***** RECORDS FOR THE TASK *****

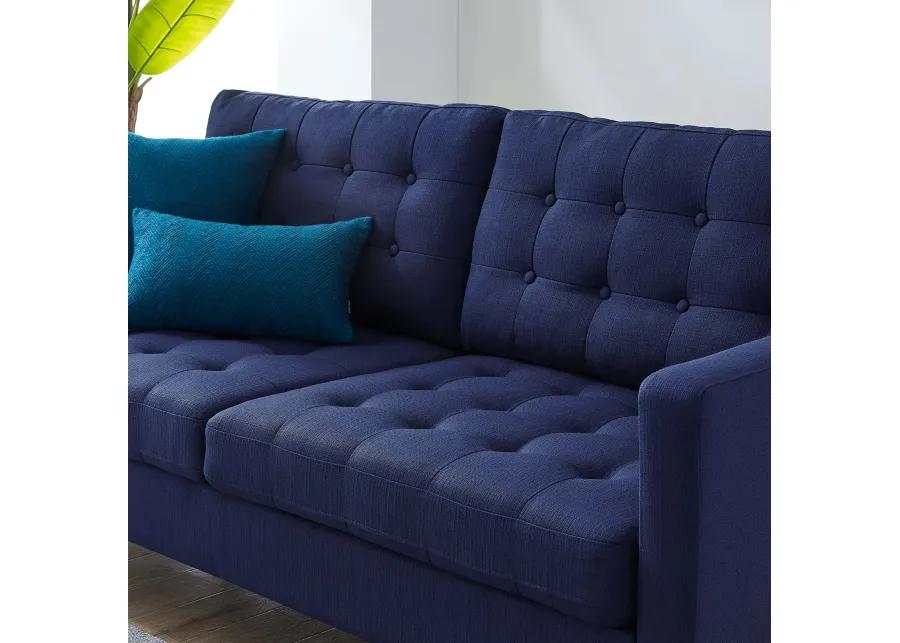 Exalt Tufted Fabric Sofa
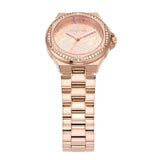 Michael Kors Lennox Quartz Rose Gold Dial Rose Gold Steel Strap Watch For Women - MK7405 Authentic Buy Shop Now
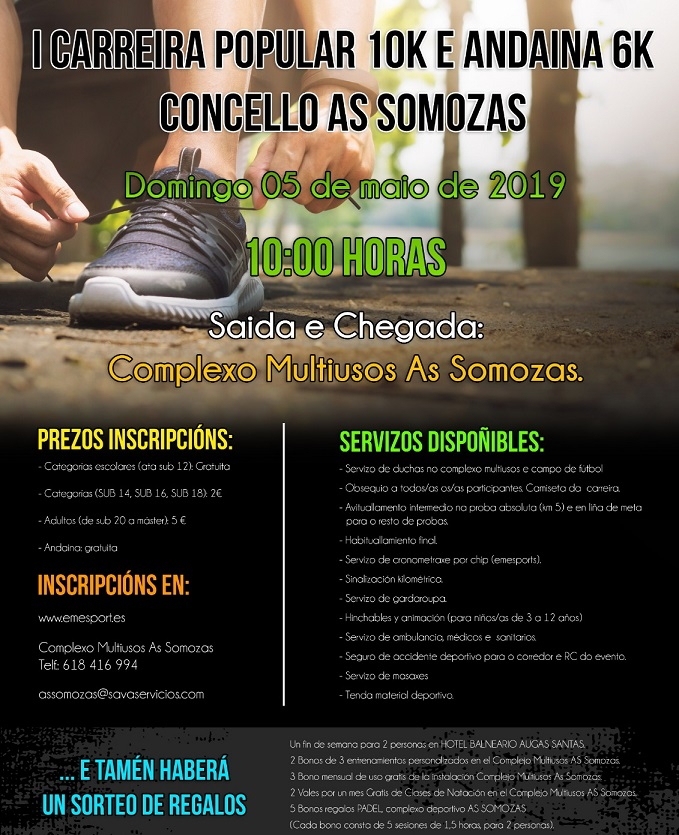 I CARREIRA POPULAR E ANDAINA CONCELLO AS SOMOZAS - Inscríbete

*****
***** RECORDS FOR THE TASK *****

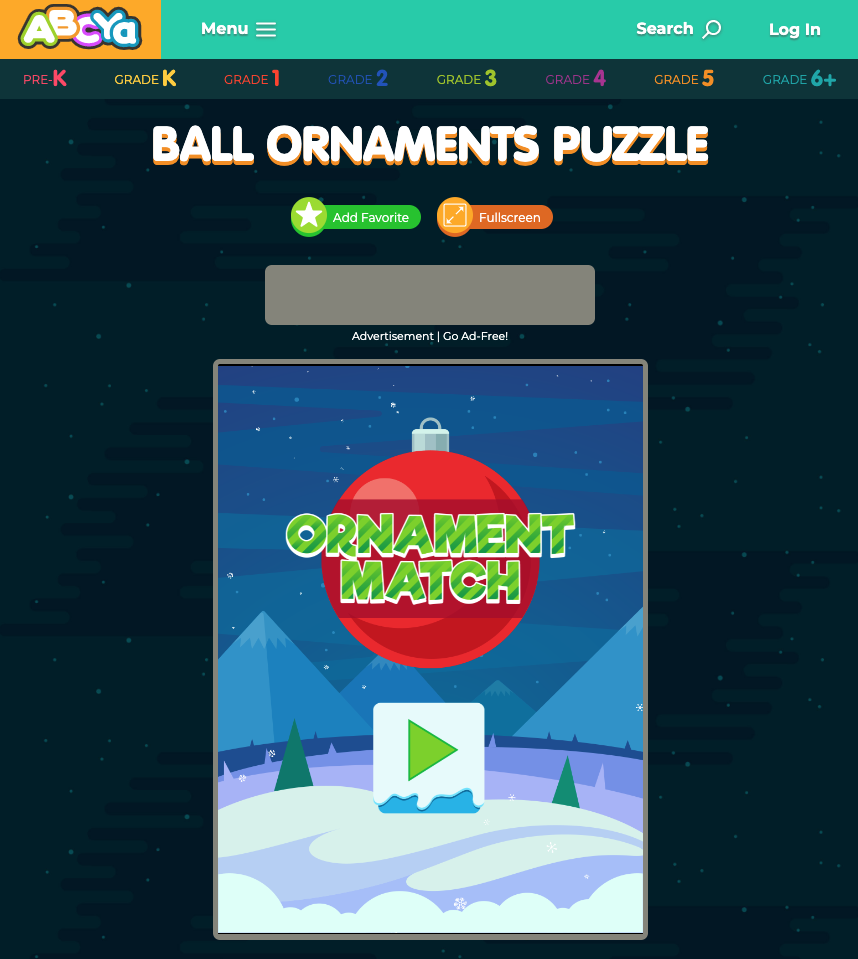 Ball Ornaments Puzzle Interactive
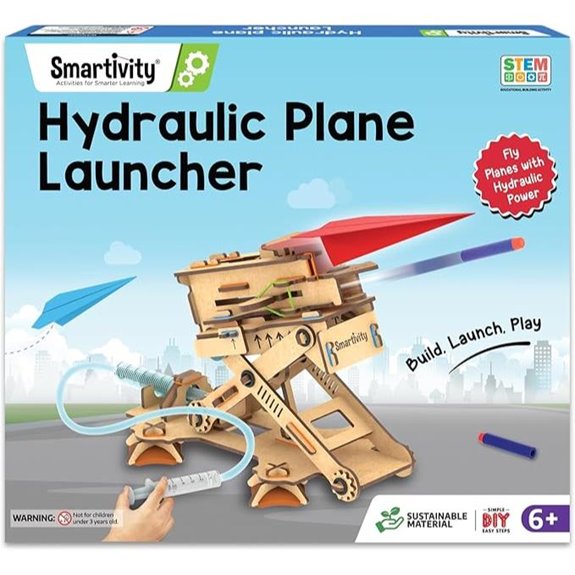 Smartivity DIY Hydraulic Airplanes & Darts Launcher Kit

*****

▸ WHAT NEEDS TO BE DONE
Going by the entries above, repeat exactly the lines that start at the line with "Ball Ornaments Puzzle Interactive" and go on through the line with "Smartivity DIY Hydraulic". Pictures are not part of the copy.

▸ RESPONSE FOR THIS EXERCISE
 Ball Ornaments Puzzle Interactive
 Smartivity DIY Hydraulic Airplanes & Darts Launcher Kit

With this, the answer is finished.